_Task:_
A stretch of the entries below is to be set down exactly, running from the line with "NJ license plate J22ZXQ" through the line with "vidaXL Albero di", both included, and no other line.

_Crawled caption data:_
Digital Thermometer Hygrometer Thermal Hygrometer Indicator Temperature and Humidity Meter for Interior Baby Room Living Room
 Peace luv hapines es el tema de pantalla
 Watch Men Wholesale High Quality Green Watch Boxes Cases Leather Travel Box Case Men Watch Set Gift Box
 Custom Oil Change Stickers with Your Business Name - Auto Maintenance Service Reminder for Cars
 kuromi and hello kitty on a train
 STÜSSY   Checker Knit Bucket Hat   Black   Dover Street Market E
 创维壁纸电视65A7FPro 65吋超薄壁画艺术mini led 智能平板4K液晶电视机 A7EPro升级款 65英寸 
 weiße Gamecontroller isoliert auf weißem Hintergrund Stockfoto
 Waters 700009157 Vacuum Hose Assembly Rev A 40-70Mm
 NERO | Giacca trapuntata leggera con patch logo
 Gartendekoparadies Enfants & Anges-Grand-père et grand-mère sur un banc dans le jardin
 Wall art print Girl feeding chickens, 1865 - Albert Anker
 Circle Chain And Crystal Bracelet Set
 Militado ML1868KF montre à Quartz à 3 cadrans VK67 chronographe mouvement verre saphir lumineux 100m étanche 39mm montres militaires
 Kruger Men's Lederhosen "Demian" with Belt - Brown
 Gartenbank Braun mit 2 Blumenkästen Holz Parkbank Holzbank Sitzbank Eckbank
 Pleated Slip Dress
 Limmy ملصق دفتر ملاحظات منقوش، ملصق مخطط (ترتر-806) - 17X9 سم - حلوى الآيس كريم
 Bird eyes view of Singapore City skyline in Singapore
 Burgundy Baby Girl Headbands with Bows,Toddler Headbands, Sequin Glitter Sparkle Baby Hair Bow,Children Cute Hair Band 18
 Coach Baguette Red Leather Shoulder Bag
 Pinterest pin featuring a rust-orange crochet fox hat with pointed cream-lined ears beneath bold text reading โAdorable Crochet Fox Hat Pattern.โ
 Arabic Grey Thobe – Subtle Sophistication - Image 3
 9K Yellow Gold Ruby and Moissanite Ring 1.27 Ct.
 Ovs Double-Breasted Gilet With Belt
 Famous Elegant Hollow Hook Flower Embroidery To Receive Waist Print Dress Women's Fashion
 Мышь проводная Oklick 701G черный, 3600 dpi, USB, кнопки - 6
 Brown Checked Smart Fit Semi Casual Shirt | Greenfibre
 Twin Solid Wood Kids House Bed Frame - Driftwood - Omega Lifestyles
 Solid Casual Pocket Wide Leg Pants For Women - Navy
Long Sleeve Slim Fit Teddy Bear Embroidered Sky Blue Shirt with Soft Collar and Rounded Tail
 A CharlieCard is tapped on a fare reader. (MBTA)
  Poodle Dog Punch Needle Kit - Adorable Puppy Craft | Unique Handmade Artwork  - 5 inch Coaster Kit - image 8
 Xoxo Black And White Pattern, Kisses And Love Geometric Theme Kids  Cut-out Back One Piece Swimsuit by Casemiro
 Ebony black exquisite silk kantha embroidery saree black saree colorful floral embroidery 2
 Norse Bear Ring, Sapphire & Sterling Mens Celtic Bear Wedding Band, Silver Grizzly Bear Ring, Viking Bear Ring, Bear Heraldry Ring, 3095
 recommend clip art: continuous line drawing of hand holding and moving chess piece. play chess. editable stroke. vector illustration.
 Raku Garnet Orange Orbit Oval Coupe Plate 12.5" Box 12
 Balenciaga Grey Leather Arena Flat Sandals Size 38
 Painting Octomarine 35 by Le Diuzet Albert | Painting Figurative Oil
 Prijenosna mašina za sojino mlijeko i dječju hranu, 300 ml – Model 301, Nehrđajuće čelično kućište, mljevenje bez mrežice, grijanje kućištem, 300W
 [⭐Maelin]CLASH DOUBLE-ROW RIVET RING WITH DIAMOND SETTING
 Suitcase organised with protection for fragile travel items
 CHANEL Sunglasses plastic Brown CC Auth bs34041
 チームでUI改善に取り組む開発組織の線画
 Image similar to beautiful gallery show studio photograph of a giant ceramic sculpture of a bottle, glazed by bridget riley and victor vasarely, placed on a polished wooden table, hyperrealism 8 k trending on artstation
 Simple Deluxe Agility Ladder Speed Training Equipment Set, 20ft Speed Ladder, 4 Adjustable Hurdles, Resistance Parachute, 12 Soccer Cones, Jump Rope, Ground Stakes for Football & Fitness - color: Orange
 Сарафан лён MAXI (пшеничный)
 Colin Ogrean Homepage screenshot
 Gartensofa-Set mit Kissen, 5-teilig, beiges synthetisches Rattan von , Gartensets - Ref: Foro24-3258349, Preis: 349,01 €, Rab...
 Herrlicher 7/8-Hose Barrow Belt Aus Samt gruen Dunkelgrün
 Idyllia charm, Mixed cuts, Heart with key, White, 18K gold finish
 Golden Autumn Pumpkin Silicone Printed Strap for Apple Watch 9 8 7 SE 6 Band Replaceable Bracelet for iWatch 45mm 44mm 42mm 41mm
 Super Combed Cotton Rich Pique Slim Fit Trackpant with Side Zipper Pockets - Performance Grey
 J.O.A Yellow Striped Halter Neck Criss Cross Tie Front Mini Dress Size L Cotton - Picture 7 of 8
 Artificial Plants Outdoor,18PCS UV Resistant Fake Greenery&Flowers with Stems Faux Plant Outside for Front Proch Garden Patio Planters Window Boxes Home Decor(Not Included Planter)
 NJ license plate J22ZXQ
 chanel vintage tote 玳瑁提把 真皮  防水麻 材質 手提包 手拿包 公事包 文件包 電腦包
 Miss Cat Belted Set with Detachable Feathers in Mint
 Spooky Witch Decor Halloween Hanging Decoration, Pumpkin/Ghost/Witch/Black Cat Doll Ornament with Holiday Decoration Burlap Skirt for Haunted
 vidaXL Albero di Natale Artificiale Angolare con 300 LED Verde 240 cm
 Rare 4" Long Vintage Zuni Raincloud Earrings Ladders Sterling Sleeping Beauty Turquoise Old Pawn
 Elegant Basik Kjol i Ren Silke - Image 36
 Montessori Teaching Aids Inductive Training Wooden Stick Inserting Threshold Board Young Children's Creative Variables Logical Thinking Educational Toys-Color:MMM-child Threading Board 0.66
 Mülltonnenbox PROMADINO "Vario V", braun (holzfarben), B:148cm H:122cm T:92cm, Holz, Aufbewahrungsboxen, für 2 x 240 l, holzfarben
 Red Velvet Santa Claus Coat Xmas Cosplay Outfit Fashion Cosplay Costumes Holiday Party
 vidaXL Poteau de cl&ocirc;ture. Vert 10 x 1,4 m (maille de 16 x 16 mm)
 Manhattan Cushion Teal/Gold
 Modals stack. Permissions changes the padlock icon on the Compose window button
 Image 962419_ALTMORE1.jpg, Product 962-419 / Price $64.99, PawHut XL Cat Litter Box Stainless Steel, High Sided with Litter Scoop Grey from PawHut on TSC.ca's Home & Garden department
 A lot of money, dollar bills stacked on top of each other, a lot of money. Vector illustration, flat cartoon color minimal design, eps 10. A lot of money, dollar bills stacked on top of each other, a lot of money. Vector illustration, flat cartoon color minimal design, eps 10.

_Solution:_
 NJ license plate J22ZXQ
 chanel vintage tote 玳瑁提把 真皮  防水麻 材質 手提包 手拿包 公事包 文件包 電腦包
 Miss Cat Belted Set with Detachable Feathers in Mint
 Spooky Witch Decor Halloween Hanging Decoration, Pumpkin/Ghost/Witch/Black Cat Doll Ornament with Holiday Decoration Burlap Skirt for Haunted
 vidaXL Albero di Natale Artificiale Angolare con 300 LED Verde 240 cm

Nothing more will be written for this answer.